Along the way, I discovered prisma-client-go
(opens in a new tab) , and started playing around with using this for a couple of Go projects, and eventually Hatchet.
The MVP
The early days of Hatchet were extremely productive — most of Hatchet's initial features were built in a month between December 1st and January 1st — in no small part due to Prisma.
The good
Modeling complex object hierarchies
Prisma's DSL really shines when dealing with a set of interconnected and hierarchal tables. And while our initial schema was far from perfect, the overall structure hasn't changed since the early days of Hatchet. The most productive part of working with Prisma in the early days was being able to add new tables instantly, with built-in validation and helpers on the Prisma syntax level. Our initial schema was quite complex, but easy to work with in Prisma. Here's what our full ER diagram looked like:
For those curious, here's a link to our Prisma schema in our first commit (opens in a new tab)!
Prisma Studio
A good chunk of our time while building the initial MVP was spent in Prisma Studio, manually preparing different types of workflows and ensuring that they ran to completion with various configuration options. We also hooked up a studio instance to our staging database, which was helpful in debugging issues that we didn't see in development.

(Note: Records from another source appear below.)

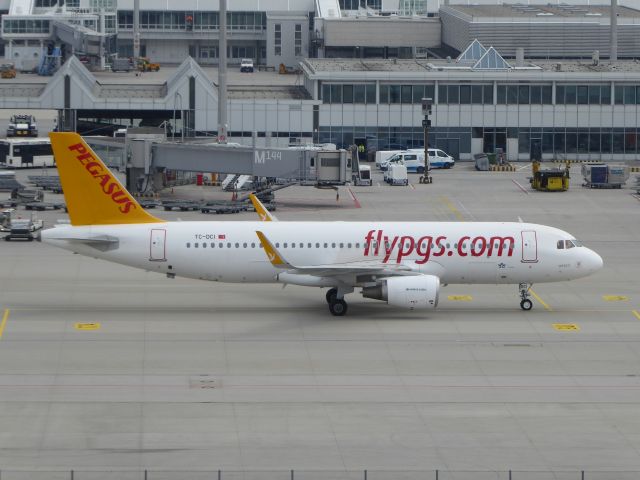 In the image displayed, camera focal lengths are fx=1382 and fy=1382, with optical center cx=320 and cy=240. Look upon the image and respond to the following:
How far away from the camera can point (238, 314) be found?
196ft

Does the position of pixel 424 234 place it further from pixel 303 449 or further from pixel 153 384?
pixel 303 449

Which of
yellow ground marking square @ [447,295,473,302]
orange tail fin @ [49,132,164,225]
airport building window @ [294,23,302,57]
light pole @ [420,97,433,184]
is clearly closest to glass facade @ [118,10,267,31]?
airport building window @ [294,23,302,57]

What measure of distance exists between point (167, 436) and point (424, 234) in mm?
21515

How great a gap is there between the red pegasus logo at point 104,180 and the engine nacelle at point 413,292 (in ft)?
38.8

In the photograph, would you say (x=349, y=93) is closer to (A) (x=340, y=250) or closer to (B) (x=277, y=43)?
(B) (x=277, y=43)

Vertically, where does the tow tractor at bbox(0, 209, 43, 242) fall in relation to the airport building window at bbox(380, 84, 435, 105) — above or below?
below

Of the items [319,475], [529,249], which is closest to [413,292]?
[529,249]

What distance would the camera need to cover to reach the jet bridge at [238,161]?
98.7m

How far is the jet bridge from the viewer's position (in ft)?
324

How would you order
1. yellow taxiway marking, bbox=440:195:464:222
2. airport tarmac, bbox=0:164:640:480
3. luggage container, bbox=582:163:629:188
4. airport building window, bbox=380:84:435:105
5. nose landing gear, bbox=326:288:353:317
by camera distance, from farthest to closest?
airport building window, bbox=380:84:435:105, luggage container, bbox=582:163:629:188, yellow taxiway marking, bbox=440:195:464:222, nose landing gear, bbox=326:288:353:317, airport tarmac, bbox=0:164:640:480

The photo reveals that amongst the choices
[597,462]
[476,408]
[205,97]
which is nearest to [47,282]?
[476,408]

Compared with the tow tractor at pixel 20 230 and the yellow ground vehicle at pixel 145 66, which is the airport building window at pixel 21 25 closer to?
the yellow ground vehicle at pixel 145 66

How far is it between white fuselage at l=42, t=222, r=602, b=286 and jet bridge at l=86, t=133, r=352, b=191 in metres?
38.8

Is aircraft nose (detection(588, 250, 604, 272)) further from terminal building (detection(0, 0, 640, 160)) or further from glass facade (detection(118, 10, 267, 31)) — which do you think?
glass facade (detection(118, 10, 267, 31)) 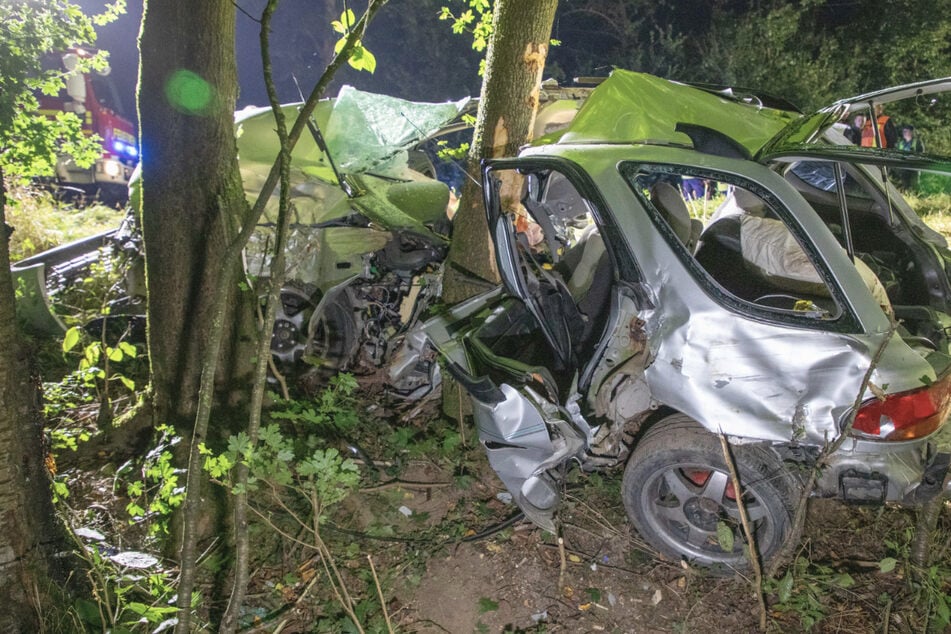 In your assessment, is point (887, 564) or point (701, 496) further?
point (701, 496)

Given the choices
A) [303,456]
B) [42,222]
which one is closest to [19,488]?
[303,456]

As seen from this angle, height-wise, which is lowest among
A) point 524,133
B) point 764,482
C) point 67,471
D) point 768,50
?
point 67,471

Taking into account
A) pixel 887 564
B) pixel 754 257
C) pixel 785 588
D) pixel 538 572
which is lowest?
pixel 538 572

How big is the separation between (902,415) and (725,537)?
87 cm

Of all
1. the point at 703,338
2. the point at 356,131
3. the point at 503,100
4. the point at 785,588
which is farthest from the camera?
the point at 356,131

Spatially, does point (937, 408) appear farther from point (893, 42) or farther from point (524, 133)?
point (893, 42)

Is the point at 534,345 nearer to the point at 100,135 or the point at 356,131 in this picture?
the point at 356,131

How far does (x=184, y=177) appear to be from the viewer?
9.70 ft

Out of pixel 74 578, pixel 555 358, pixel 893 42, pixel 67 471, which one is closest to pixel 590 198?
pixel 555 358

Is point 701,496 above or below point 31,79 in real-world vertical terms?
below

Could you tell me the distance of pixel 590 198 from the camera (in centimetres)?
256

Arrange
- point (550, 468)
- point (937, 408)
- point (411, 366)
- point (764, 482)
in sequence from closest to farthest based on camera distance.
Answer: point (937, 408) → point (764, 482) → point (550, 468) → point (411, 366)

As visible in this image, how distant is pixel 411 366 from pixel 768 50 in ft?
38.2

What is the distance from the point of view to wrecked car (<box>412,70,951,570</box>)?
225 cm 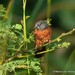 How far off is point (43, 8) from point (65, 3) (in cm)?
13

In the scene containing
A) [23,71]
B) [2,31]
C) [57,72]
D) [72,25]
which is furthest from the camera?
[72,25]

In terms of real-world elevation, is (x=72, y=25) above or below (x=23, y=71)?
above

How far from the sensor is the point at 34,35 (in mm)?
1015

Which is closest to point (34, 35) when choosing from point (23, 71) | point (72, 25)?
point (23, 71)

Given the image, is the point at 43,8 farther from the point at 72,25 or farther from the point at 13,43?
the point at 13,43

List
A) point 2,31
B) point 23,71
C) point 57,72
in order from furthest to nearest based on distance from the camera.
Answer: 1. point 57,72
2. point 23,71
3. point 2,31

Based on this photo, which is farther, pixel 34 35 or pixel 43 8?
pixel 43 8

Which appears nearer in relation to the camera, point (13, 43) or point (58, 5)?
point (13, 43)

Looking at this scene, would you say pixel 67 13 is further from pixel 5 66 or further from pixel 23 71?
pixel 5 66

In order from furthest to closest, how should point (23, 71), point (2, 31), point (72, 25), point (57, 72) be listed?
point (72, 25), point (57, 72), point (23, 71), point (2, 31)

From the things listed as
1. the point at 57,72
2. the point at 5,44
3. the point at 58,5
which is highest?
the point at 58,5

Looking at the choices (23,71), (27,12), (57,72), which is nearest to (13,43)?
(23,71)

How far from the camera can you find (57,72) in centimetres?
153

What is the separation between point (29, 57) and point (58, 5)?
0.83 m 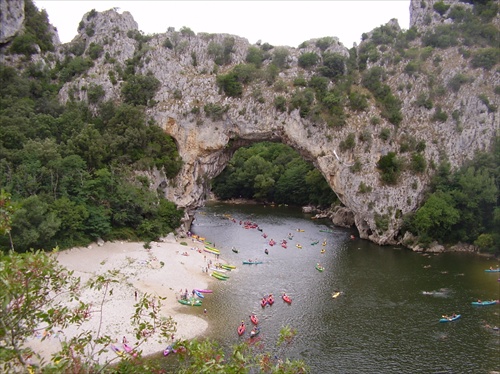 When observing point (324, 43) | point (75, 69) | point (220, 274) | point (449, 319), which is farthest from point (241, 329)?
point (75, 69)

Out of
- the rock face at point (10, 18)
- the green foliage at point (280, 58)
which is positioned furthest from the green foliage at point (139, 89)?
the rock face at point (10, 18)

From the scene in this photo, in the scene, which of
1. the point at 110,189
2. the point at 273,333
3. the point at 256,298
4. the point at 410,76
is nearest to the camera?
the point at 273,333

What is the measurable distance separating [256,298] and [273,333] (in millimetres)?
5797

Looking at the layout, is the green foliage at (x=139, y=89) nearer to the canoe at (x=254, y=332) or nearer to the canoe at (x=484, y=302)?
the canoe at (x=254, y=332)

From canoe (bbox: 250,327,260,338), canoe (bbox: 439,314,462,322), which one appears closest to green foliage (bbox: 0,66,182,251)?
canoe (bbox: 250,327,260,338)

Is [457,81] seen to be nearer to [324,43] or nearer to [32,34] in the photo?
[324,43]

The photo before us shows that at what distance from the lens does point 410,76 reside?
5741cm

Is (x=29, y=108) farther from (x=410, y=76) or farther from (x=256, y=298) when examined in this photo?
(x=410, y=76)

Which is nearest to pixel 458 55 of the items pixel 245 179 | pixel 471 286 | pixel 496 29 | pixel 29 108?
pixel 496 29

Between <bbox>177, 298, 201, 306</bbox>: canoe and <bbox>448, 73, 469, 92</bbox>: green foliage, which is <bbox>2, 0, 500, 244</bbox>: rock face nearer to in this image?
<bbox>448, 73, 469, 92</bbox>: green foliage

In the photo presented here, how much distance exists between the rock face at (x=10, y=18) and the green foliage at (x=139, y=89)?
17.8 metres

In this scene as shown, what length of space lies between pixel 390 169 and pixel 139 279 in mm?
33205

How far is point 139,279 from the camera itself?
114ft

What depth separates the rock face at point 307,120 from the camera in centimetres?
5212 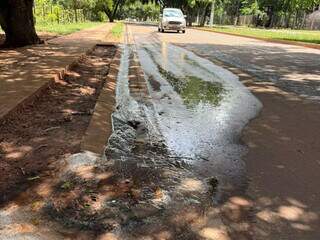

Eventually, Prisma studio became far too slow on fields with many high-cardinality relations (like our Tenant
model), and we started exploring other data visualization tools.
Composite Keys and Relations
We make pretty heavy use of composite keys and relations in our system — for example, the function that each task runs in our system is represented by an actionId
, which is simply a method name that's unique per tenant:
model Action {
actionId String
tenant Tenant @relation(fields: [tenantId], references: [id], onDelete: Cascade, onUpdate: Cascade)
tenantId String @db.Uuid
@@unique([tenantId, actionId])
}
This can be referenced via:
model Step {
action Action @relation(fields: [actionId, tenantId], references: [actionId, tenantId])
actionId String
tenantId String @db.Uuid
}
We also have a handful of composite primary keys, such as:
model StepExpression {
key String
stepId String @db.Uuid
expression String
kind StepExpressionKind
@@id([key, stepId, kind])
}
We found these simple and pleasant to write and use in the generated clients.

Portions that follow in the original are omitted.